Ralph Walker attended MIT in 1909-11. He worked in a number of architectural offices before settling in New York in 1916, where he joined the office of McKenzie, Voorhees, and Gmelin in 1919. He became a partner in 1926, when the office became Voorhees, Gmelin & Walker. Walker designed expressive and vertically emphatic Art-Deco style skyscrapers in New York. His works include the Barclay-Vesey Telephone Building; the Western Union Building; the Irving Trust Building; the Bell Telephone Laboratories, Murray Hill, New Jersey; and buildings for the World’s Fair of 1939 in New York. He was President of the American Institute of Architects in 1949-51, and received that Institute's Gold Medal in 1957.

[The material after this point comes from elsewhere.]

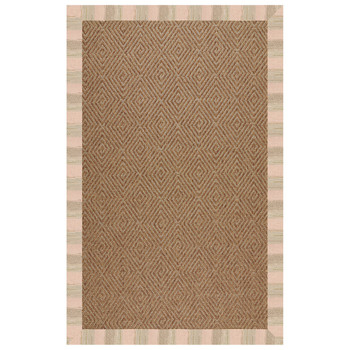 Capel Islamorada-Diamond Sicily Olive 2088_218 Indoor/outdoor Bordered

1960-Walker resigned from the AIA after a conflict over professional ethics. The AIA accused a member of Walker's firm of acting in an "unprofessional manner" by taking a contract that already belonged to another firm. Walker was devastated by the controversy. He was reinstated to the AIA in 1965.
Quotes
May I say, finally, that I have no illusions of grandeur; quite to the contrary, I am very humble in my knowledge that through forty years of my life my life has been an open book of service to my fellow architects and for the public good. When I sever my connections with the A.I.A. I do so with my own self respect, as a matter of pride and I am sure within your knowledge of my character. I completely scorn the falsifying, the sanctimonious, the cheap and the shoddy.